Return every line from the one with "pressupõe agente capaz, um" through the one with "uso das suas faculdades mentais.", inclusive, exactly as it appears below.

#### Exercise materials

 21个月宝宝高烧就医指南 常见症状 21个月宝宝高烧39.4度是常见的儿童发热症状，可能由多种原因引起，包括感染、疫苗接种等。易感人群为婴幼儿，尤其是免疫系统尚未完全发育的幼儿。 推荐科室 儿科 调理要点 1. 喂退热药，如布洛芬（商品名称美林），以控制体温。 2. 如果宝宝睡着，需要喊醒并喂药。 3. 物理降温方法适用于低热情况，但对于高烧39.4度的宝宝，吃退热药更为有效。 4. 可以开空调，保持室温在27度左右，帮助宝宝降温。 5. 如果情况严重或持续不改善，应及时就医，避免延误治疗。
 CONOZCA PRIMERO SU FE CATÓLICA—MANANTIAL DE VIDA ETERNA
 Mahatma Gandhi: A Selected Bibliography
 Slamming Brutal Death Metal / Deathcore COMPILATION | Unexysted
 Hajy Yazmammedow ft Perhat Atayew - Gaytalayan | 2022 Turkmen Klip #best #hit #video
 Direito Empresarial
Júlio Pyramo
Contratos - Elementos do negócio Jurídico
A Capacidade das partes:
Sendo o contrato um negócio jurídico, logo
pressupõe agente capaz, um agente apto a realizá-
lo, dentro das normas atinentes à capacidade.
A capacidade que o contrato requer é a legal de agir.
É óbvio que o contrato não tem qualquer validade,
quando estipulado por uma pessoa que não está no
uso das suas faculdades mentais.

########
#### Exercise materials

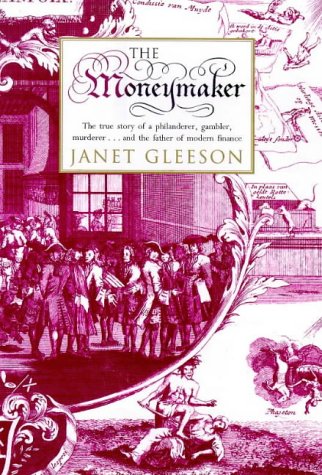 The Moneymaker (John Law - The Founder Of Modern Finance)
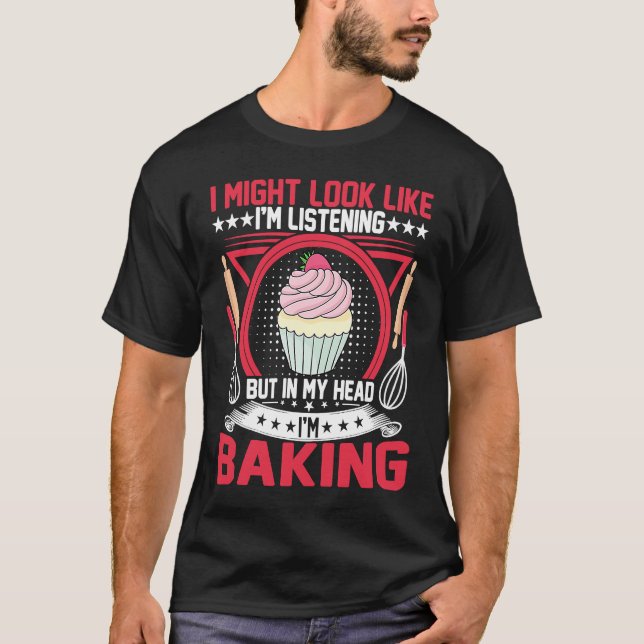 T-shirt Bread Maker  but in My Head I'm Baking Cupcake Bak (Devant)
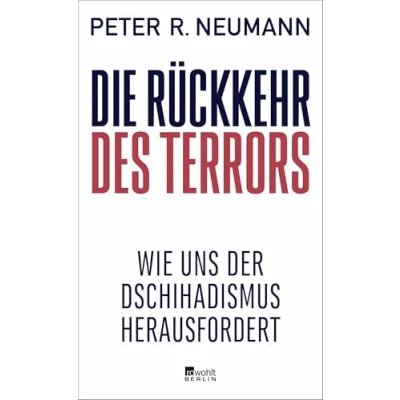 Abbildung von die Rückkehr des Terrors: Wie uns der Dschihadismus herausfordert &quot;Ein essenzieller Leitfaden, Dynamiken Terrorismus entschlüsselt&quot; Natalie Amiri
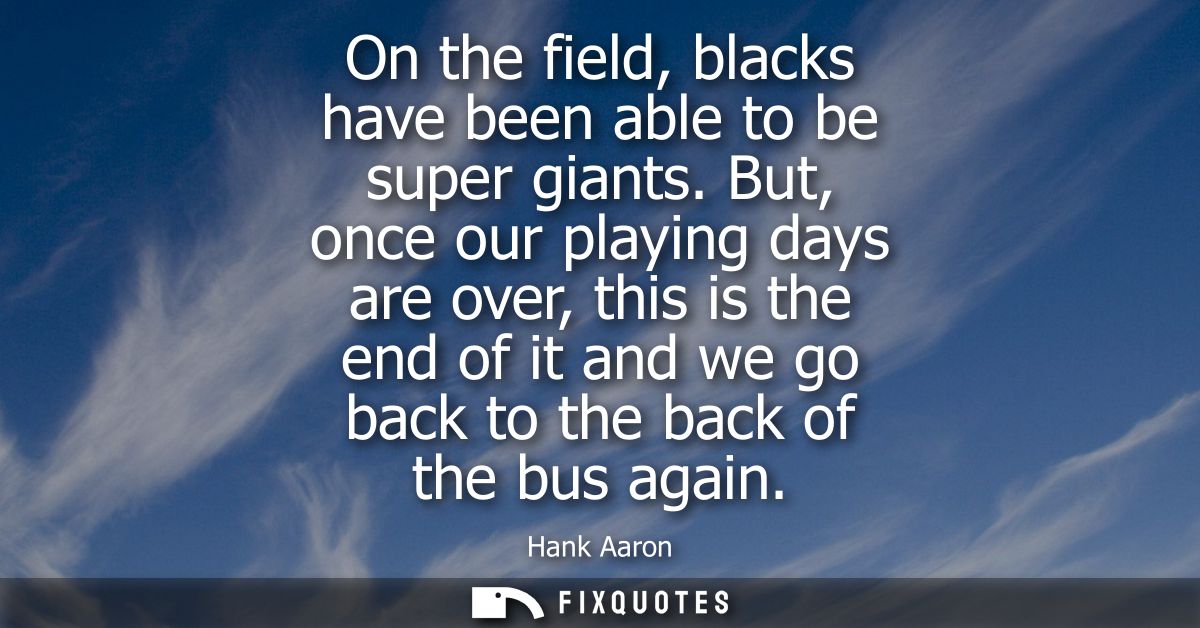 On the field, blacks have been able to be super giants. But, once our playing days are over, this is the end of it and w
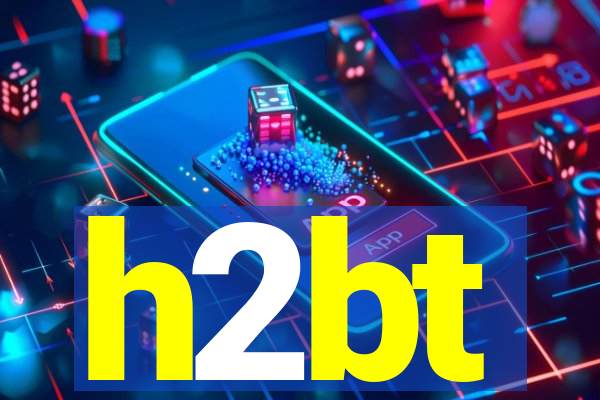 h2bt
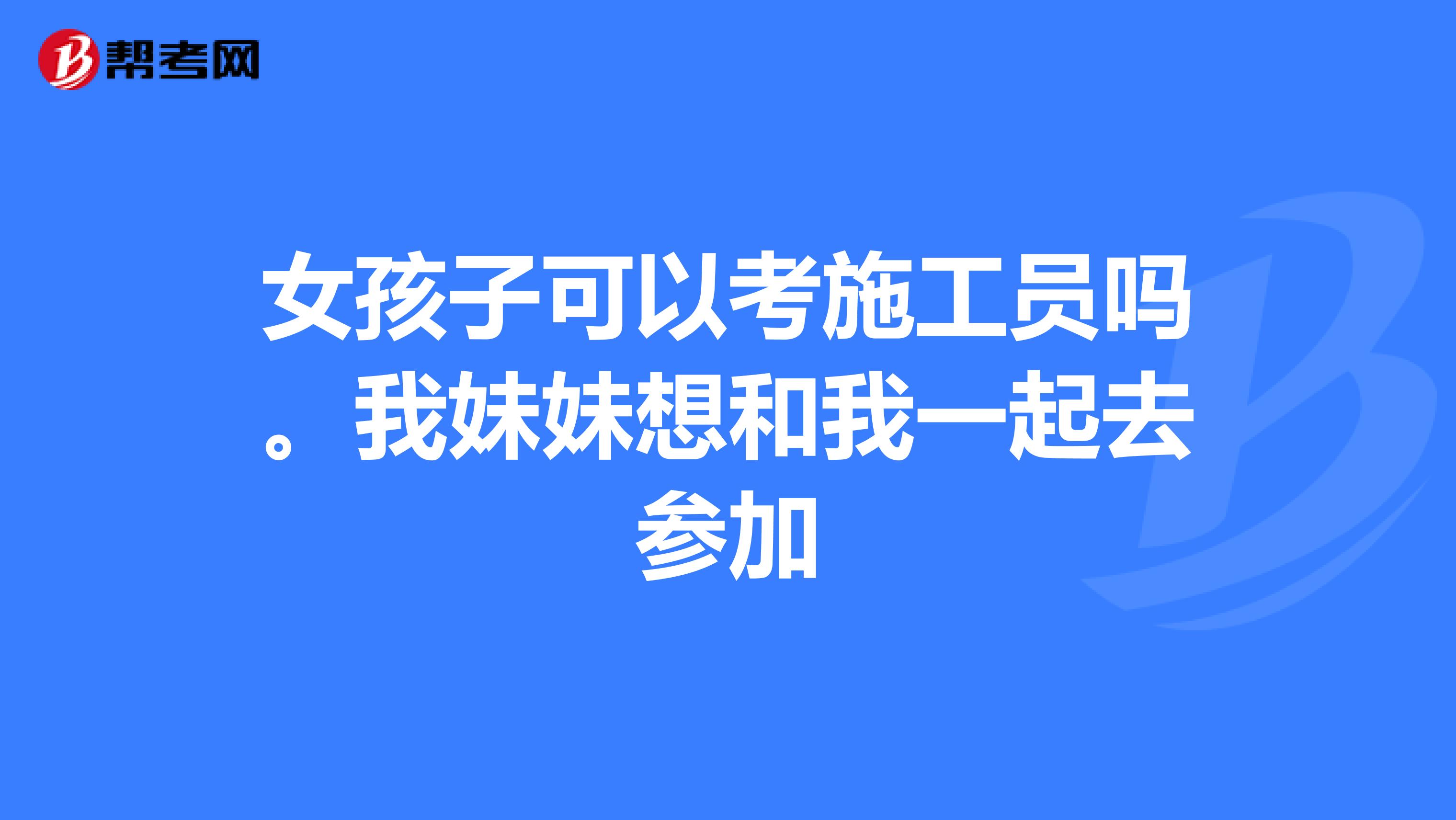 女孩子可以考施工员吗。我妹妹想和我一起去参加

########
#### Exercise materials

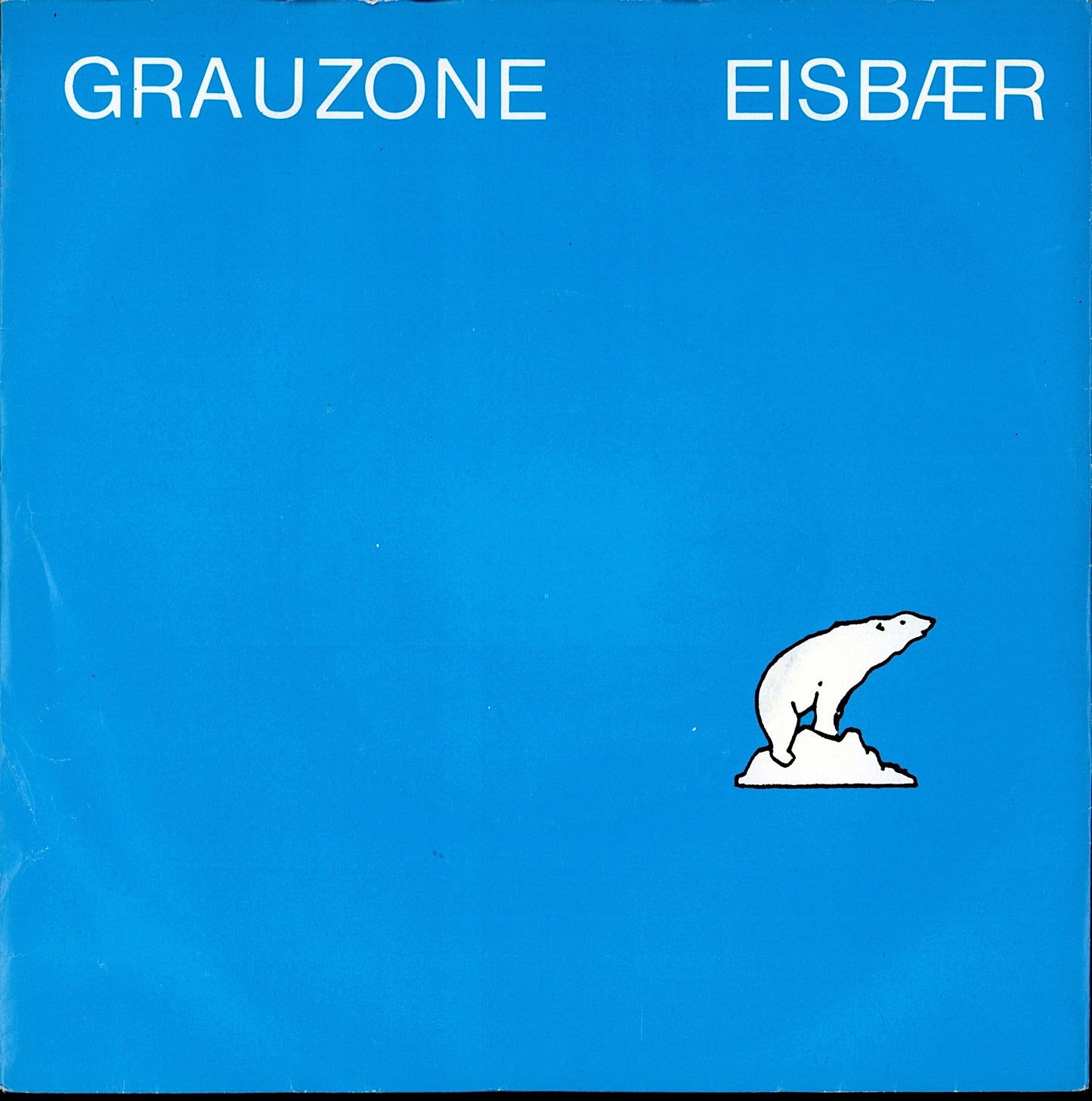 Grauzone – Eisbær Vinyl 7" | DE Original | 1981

########

*Reply*.
pressupõe agente capaz, um agente apto a realizá-
lo, dentro das normas atinentes à capacidade.
A capacidade que o contrato requer é a legal de agir.
É óbvio que o contrato não tem qualquer validade,
quando estipulado por uma pessoa que não está no
uso das suas faculdades mentais.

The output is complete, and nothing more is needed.